**EXERCISE PROMPT**
Would you copy only the lines below, from the one containing "Cadillac Srx 3.6 SRX PREMIUM B AT Suv 2016" through the very last one, leaving the pictures out?
##### PROVIDED DATA #####
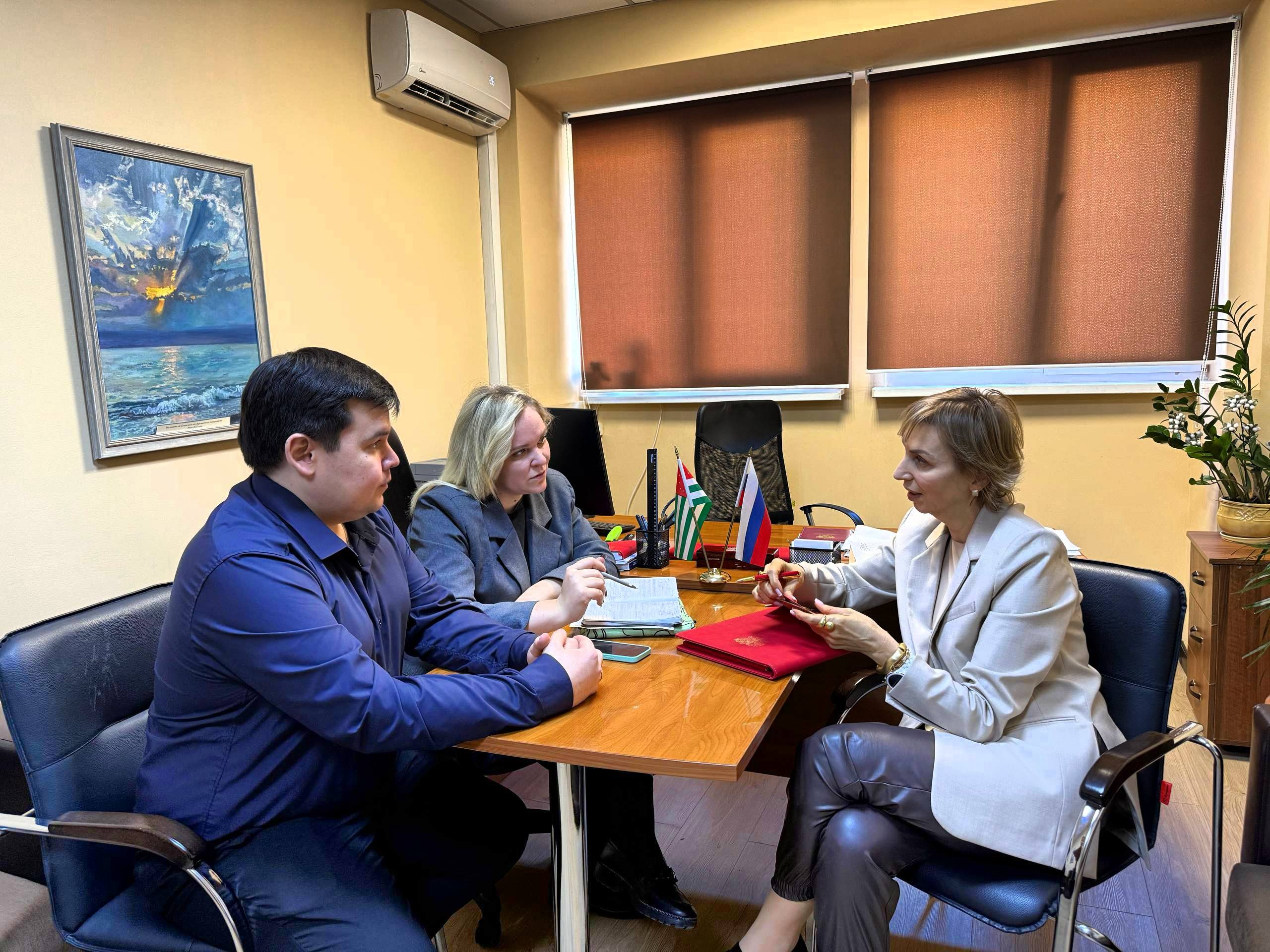 Сочинский государственный университет активно развивает международное сотрудничество 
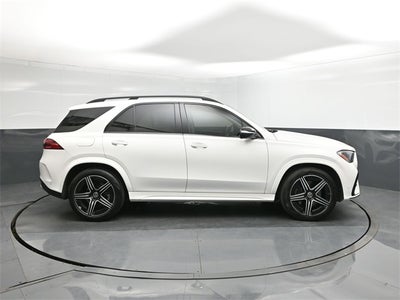 2024 Mercedes-Benz GLE GLE 350 4MATIC®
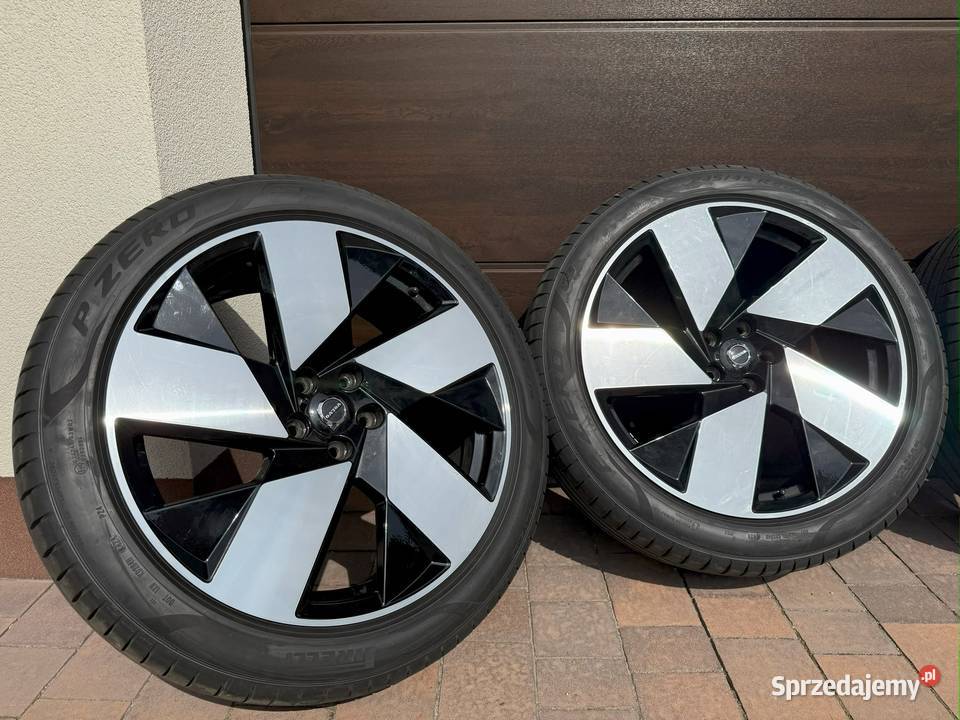 komplet kół letnich do Volvo XC40 Michałowice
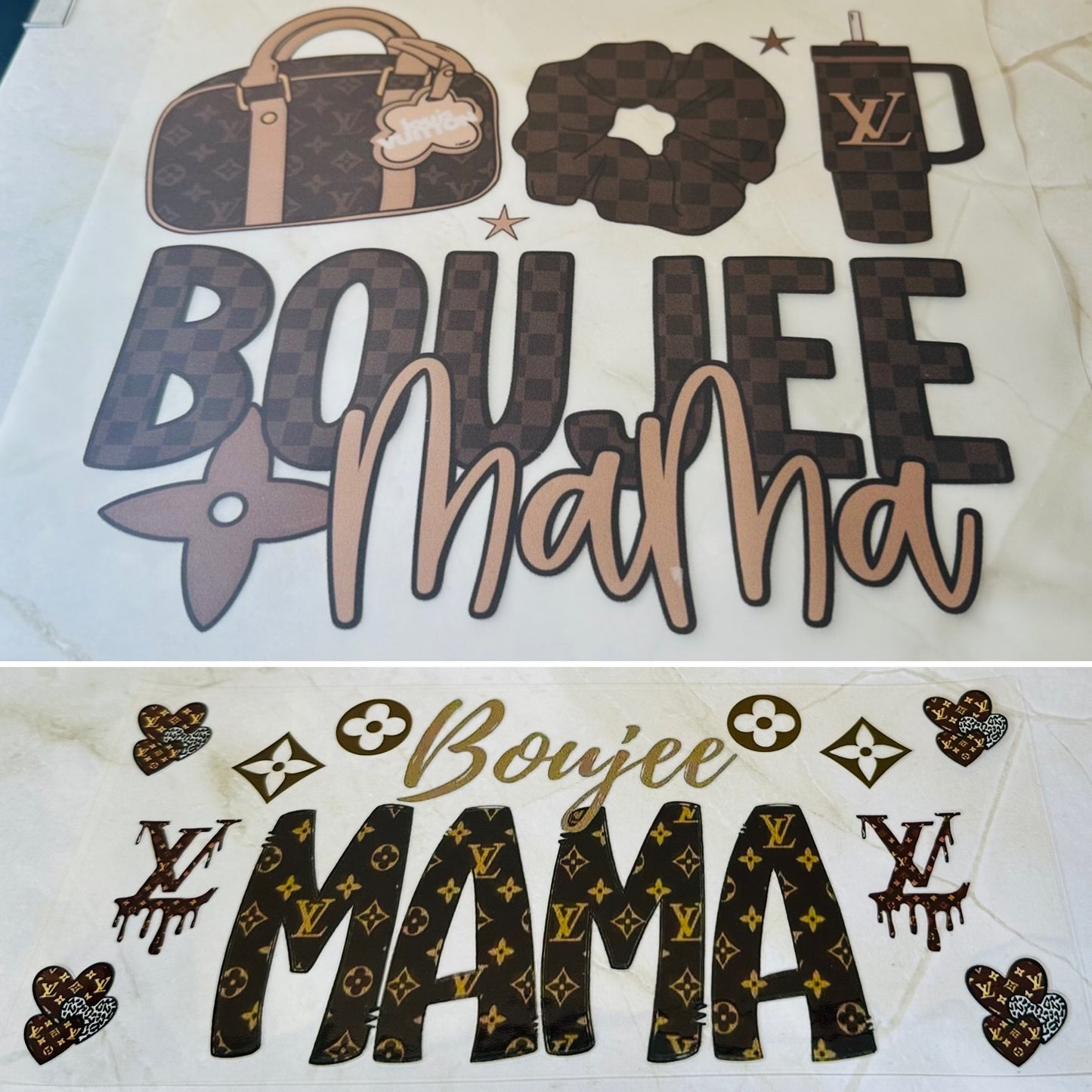 LV Boujee Mama Bundle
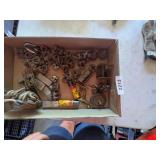 Wire, Rope, Clamps & Other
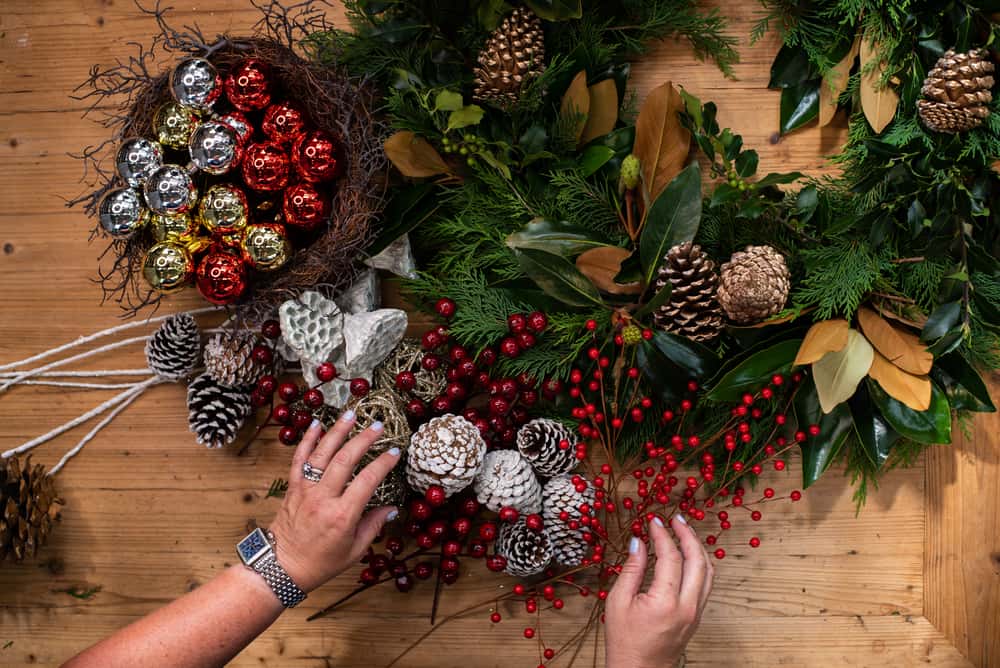 christmas home decor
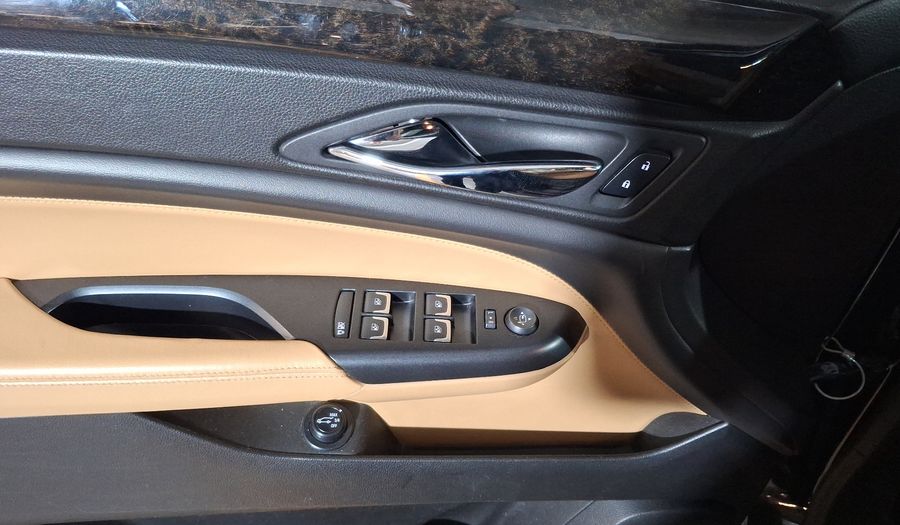 Cadillac Srx 3.6 SRX PREMIUM B AT Suv 2016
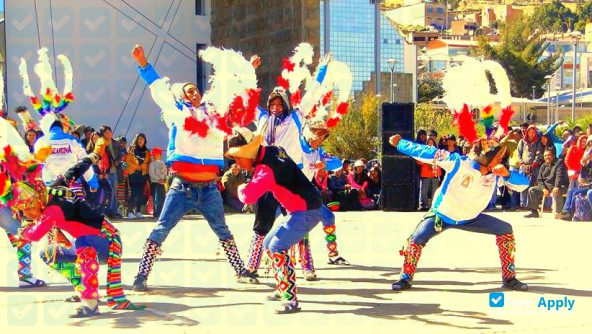 National University of the Altiplano photo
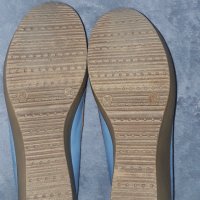 Дамски обувки естествена кожа . Номер 36, снимка 4 - Дамски ежедневни обувки - 42284219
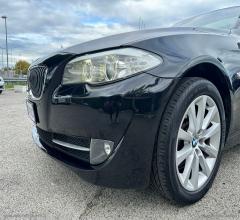 Auto - Bmw 525d xdrive touring eletta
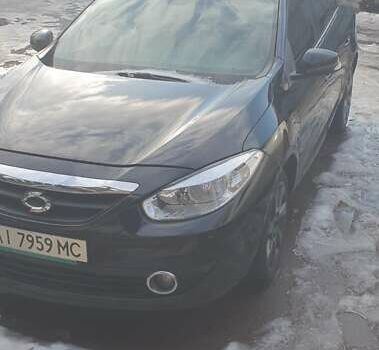 Чорний Самсунг SM3, об'ємом двигуна 1.6 л та пробігом 220 тис. км за 5500 $, фото 6 на Automoto.ua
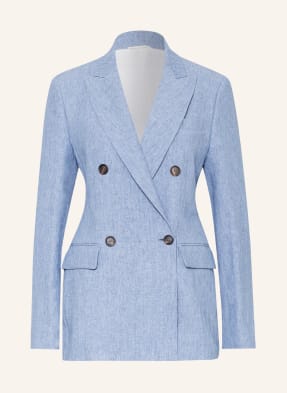 BRUNELLO CUCINELLI Leinenblazer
#####
**RESPONSE TO THE EXERCISE**
 Cadillac Srx 3.6 SRX PREMIUM B AT Suv 2016
 National University of the Altiplano photo
 Дамски обувки естествена кожа . Номер 36, снимка 4 - Дамски ежедневни обувки - 42284219
 Auto - Bmw 525d xdrive touring eletta
 Чорний Самсунг SM3, об'ємом двигуна 1.6 л та пробігом 220 тис. км за 5500 $, фото 6 на Automoto.ua
 BRUNELLO CUCINELLI Leinenblazer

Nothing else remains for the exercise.